The first table, on entering the floor, belongs to a lady. She is by no means inconspicuous. Although short, she occupies substantial space and wears an expression which seems to be the reason the word ‘pugnacious’ was coined for. Said lady goes by the name ‘Usha Di’. In the hierarchy of attendants, she is above everyone else. Even Shamu the Enigmatic reports to Usha Di, husky of voice and imposing of size.

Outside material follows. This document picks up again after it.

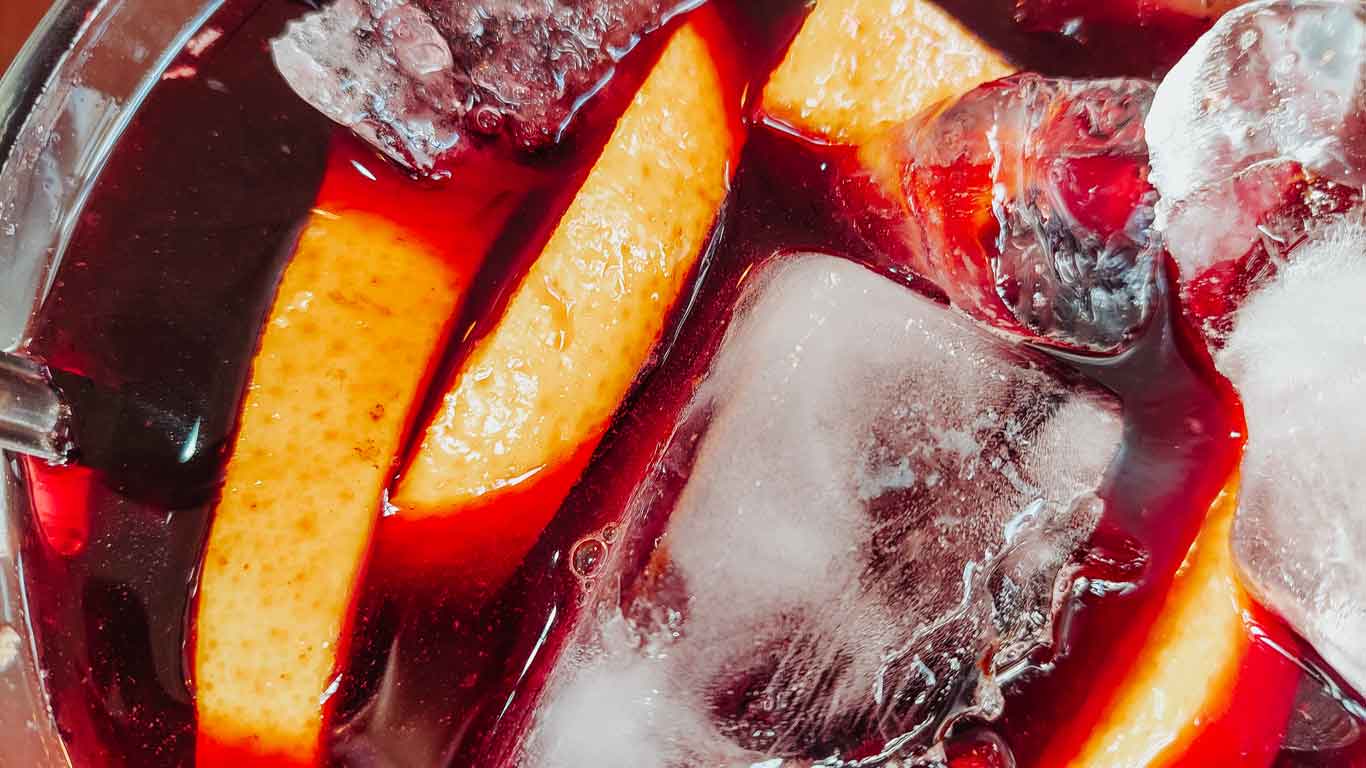 Close-up of a refreshing Uruguayan sangria, with vibrant slices of citrus fruit and glistening ice cubes submerged in a rich, ruby-red wine mixture, embodying a festive Uruguayan beverage experience."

Usha Di rules the floor with an iron hand. She hoards envelopes, pens, post-it notes, diaries and notebooks but does not make these vital resources available to people easily. One must be in her good graces to harbour any hope of getting anything from her. Then there is the photocopier-cum-scanner in the mini-kitchen. Anyone touching it without having consulted its keeper will be alerted by a shriek that sounds like the amplifier feedback of a jarring note from a broken string of a guitar. With a gust of wind and the howl of dingo, Usha Di will appear in the scene, arms flailing, nearly knocking the coffee and head of any unfortunate employee who happens to be in her way, and then will severely admonish the poor soul who had touched the machine. She will make a mental note of how to best starve the offender for the next few days- by refusing him a morsel of a birthday cake, ripping off the letters from his name-plate or just looking him coldly in the eye whenever he has to pass her. The last is, as has been guessed by now, the most cruel and is administered to the gravest of offenders. There have been reports of men losing their voice for days when subjected to this treatment.

On one eventful day, I was caught up in a situation in which Usha Di was involved as well, for a brief period of time. During that time, she told me her story, which was sad. Her husband had met an untimely demise and from what I could gather, it was due to the negligence of the doctor. She brought up her daughter, then all of three, by herself. My heart warmed up to her after this story, and I admired her feisty spirit.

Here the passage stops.